Earlier this week, the National Association of Colleges and Employers (NACE) published information on the state of career services operations. Their results indicate an overall decline in salaries, operating budgets, and general support despite increasing demand for services including extensive data collection on post-graduation employment outcomes.
The truth is that these issues are not unique to just career services offices. International Services, Advising, Registration, Enrollment Management, and many other offices are seeing increased service expectations despite shrinking staffs and stale budgets.
Between new budget realities and increased service offerings, I often hear from colleagues in student and academic affairs that say increasing staff, budgets, and space will solve all their problems. While more money, more staff, and more space seems nice on the surface, I often wonder whether this “investment” really leads to the type of long-term sustainability and transformation that is expected in today’s marketplace.

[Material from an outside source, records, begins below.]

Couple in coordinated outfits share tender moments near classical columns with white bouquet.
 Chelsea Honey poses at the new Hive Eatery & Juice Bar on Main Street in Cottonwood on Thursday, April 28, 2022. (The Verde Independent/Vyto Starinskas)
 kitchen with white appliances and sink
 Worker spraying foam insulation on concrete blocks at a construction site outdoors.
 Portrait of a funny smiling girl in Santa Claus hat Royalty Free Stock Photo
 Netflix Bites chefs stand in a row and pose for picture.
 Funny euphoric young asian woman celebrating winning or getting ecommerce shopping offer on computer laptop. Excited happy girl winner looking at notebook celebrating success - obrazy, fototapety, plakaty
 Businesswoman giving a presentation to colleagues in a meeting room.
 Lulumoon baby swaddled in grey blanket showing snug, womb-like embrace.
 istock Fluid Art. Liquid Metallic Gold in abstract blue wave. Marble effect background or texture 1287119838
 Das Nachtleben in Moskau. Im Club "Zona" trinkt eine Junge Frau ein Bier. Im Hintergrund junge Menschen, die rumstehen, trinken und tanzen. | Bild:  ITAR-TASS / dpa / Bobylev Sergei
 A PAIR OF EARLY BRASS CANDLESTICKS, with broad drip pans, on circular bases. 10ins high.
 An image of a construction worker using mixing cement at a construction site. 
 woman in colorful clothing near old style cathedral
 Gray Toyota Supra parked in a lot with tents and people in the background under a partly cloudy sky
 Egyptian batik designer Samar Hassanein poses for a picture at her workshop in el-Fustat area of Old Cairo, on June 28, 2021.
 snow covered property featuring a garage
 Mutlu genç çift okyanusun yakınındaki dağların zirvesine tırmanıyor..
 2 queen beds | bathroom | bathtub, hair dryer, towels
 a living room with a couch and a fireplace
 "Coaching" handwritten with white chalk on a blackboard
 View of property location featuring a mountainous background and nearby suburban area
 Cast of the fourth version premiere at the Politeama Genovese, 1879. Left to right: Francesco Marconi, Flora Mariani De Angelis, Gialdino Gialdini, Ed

The face of higher education is changing and institutions need to work smarter and think creatively about both student life and academic offerings in a way that hasn’t been required to this point. While the appetite for higher education hasn’t diminished greatly, today’s education consumer is much more savvy and informed. They are expecting high-levels of concierge services for a reasonable investment that will lead to a defined return on that investment. This means that higher education administrators and faculty must think creatively about how they structure the student experience, academic programs, and access. This likely means challenging long-standing traditional culture and strategy. It means developing leaner and more flexible organizations that are able to react – in real time – to the marketplace. It means looking outside the organization for an assessment – and feedback. It also means being open to productive and strategic change.
It’s a whole new day for higher education in America. Rather than pointing to shrinking budgets and staff and stating that more money, staff, and resources will solve the problem, let’s take a moment to define what the real problem is. Let’s also look at the organization – the culture, strengths, and strategic goals – to make investments that will both transform and strengthen the institution and the important services and resources offered to students. It’s the more difficult path, but it’s the right one. Let’s start being proactive stewards focused on flexibility, transformation, and strength and move away from the change-weary reactionary organizations define much of the marketplace today.